BOB LONG: Correlation for private equity broadly defined would be about 70% to the public markets. In a fund that has some real estate infrastructure and private credit in it for example, you would see a little more diversification, a little less correlation. Target returns of course depend on the product, depend on the circumstances. I think for the investor though, you need to ask yourself, are you being paid for the illiquidity that you’re taking on? And importantly, the value proposition of the permanent capital vehicles, BDCs, tender funds, interval funds is they are semi-liquid, so you have liquidity typically quarterly, typically on about 90 days’ notice. And you need to ask yourself, are you getting the return benefit from taking on some illiquidity in comparison to the public markets? And if so, then that can make sense for investors. But that’s the question investors should be asking. Said differently, the value proposition for a semi-liquid product is to sit between your daily traded investments where you can get liquid every day but you may not like the price at which you can sell, and your 10 or 15-year marriage to the private equity fund. These permanent capital vehicles sit in between, and of course we think they provide an interesting complement to your portfolio from a risk-reward and liquidity perspective.
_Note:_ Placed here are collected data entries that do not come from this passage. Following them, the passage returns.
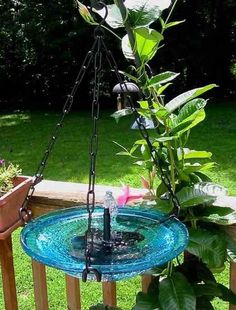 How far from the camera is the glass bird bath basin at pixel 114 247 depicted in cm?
103

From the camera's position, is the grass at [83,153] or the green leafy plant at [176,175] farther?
the grass at [83,153]

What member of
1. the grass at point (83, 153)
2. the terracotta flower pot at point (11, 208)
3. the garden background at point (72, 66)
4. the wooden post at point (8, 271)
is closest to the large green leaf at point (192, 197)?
the terracotta flower pot at point (11, 208)

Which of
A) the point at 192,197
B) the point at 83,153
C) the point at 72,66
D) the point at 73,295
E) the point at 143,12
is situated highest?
the point at 143,12

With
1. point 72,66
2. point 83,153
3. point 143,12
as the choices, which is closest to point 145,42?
point 143,12

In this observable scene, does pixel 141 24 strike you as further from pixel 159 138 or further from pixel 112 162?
pixel 112 162

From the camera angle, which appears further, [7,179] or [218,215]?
[7,179]

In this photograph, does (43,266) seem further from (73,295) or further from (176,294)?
(176,294)

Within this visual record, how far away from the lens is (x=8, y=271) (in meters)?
1.63

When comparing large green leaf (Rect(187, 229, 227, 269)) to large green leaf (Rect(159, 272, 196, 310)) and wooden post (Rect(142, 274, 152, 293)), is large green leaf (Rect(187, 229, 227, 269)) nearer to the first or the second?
large green leaf (Rect(159, 272, 196, 310))

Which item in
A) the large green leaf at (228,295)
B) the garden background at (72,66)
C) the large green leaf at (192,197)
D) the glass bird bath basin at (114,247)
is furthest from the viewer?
the garden background at (72,66)

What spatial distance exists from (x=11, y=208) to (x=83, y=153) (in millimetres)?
4573

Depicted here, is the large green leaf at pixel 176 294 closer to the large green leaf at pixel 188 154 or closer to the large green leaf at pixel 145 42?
the large green leaf at pixel 188 154

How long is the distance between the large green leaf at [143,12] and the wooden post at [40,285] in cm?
80

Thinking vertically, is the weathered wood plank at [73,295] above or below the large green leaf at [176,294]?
below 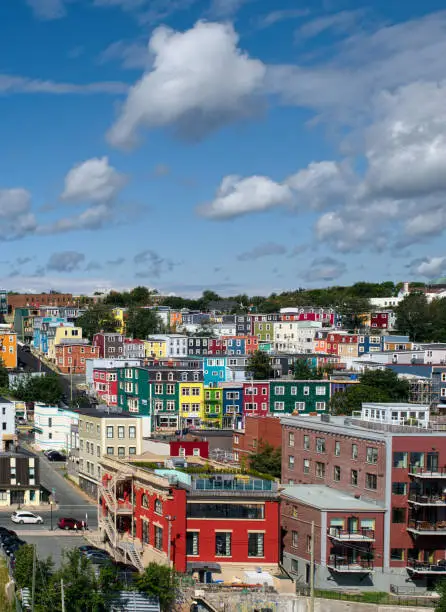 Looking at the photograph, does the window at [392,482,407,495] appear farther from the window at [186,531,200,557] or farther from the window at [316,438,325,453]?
the window at [186,531,200,557]

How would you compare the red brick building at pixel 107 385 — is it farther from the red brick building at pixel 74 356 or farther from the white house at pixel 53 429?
the white house at pixel 53 429

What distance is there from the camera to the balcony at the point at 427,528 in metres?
41.5

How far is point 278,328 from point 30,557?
10264cm

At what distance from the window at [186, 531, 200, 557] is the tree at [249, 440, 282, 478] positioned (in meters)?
14.3

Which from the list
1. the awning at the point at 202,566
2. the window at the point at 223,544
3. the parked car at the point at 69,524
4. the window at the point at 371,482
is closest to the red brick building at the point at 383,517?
the window at the point at 371,482

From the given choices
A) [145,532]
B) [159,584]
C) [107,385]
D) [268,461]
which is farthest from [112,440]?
[107,385]

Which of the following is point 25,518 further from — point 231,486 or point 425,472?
point 425,472

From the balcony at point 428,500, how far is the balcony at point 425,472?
834 mm

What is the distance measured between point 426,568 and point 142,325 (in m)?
103

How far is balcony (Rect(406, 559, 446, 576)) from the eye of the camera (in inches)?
1623

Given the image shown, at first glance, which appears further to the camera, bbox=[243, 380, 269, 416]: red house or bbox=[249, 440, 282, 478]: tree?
bbox=[243, 380, 269, 416]: red house

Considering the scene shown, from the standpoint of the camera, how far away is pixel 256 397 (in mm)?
84125

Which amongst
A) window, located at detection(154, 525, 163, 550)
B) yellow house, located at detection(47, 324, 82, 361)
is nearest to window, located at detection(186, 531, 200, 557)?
window, located at detection(154, 525, 163, 550)

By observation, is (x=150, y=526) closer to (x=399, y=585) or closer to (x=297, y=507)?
(x=297, y=507)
CHUCK JAFFE: They certainly open your portfolio up to a lot of investments that you’re not necessarily looking at in all your classic stuff, and that’s why I’m happy that you opened our eyes to all the private equity stuff today, Bob. Thanks so much for joining me.
BOB LONG: My pleasure.
CHUCK JAFFE: The NAVigator is a joint production of the Active Investment Company Alliance and Money Life with Chuck Jaffe. That’s me, and you can check out my show on your favorite podcast app or at MoneyLifeShow.com. To learn more about interval funds, closed-end funds, and business-development companies go to AICAlliance.org, the website for the Active Investment Company Alliance. On Facebook and LinkedIn @AICAlliance. Thanks to my guest Bob Long, chief executive officer at Conversus, which among other things manages the Conversus StepStone Private Markets Fund. To learn more about the fund, the firm, and Bob go to Conversus.com, it’s a StepStone company. On Twitter @StepStoneGroup. The NAVigator podcast is new every Friday, we hope you won’t miss any of them. And until we do this again, happy investing everybody.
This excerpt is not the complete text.